Atomic, Not Binary: Opaque Blobs in VCSs

a bit of background

One of the most commonly discussed issues with git1 is the storage of binary files.

There are, broadly, two halves to this problem.

The fist half is that binary files tend to be large, and git stores a full snapshot of a file every time it changes, so frequently changing files can cause a repository to balloon in size. This is especially inconvenient if most people cloning the respository do not care about those files.

git-lfs, a git plugin written by GitHub, attempts to resolve this, but is a bit clunky, and ends up being somewhat difficult when multiple hosts are involved. New work is being done in git to alleviate the need for plugins and help make git more usable with large files natively.

But, crucially, this is not only a problem for binary files -- large text-based files also suffer from this problem (consider, for example, large generated json files). Nor is in inherent to binary files -- small binary files work exacty the same as small text files here.

So, we come to the second half: diffing. Despite git's internals working with snapshots, git's user interface largely deals with diffs. Diffs are how we review changes to files when sharing them, how we check what's in a commit, and how we remind ourselves what we were working on when we get bored with a project and abandon it for 2 years, only to pick it back up as a way to cope with anxiety about the clusterfuck going on outside 2.

A common talking point is that binary files are not diffable. This presents a problem to a dVCS: if you can't diff a file, you can't merge the changes to the file if two or more people make changes independently. While traditional cVCSs3 use file locking to get around this problem 4 5, file locking isn't feasible in a dVCS; one of the main points of a dVCS is that you don't need or have a centralized authority to mediate changes and file copying 6.

And so, if you have binary files in your repository, you're relegated to choosing to either abandon your own changes or overwrite someone else's when applying conflicting patches. Or, manually coordinating with the people who might also be working on those files. Which... sucks. It's not great.

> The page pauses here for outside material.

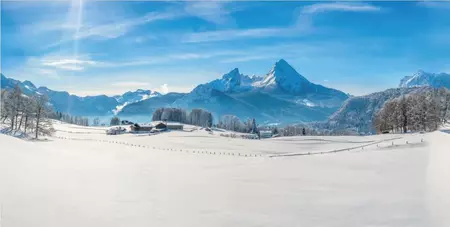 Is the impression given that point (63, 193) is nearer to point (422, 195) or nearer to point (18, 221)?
point (18, 221)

But! this is also not a problem inherent to binary files. It just happens that our main tool for diffing is... outdated.

let's talk terminology

Let's take a step back. When we say a file is diffable, what do we mean? A naive answer would be to say:

Given a file with 2 revisions (A and B), we call that file "diffable" if and only if we can use our diff tool to produce a patch that describes the changes to get from A to B.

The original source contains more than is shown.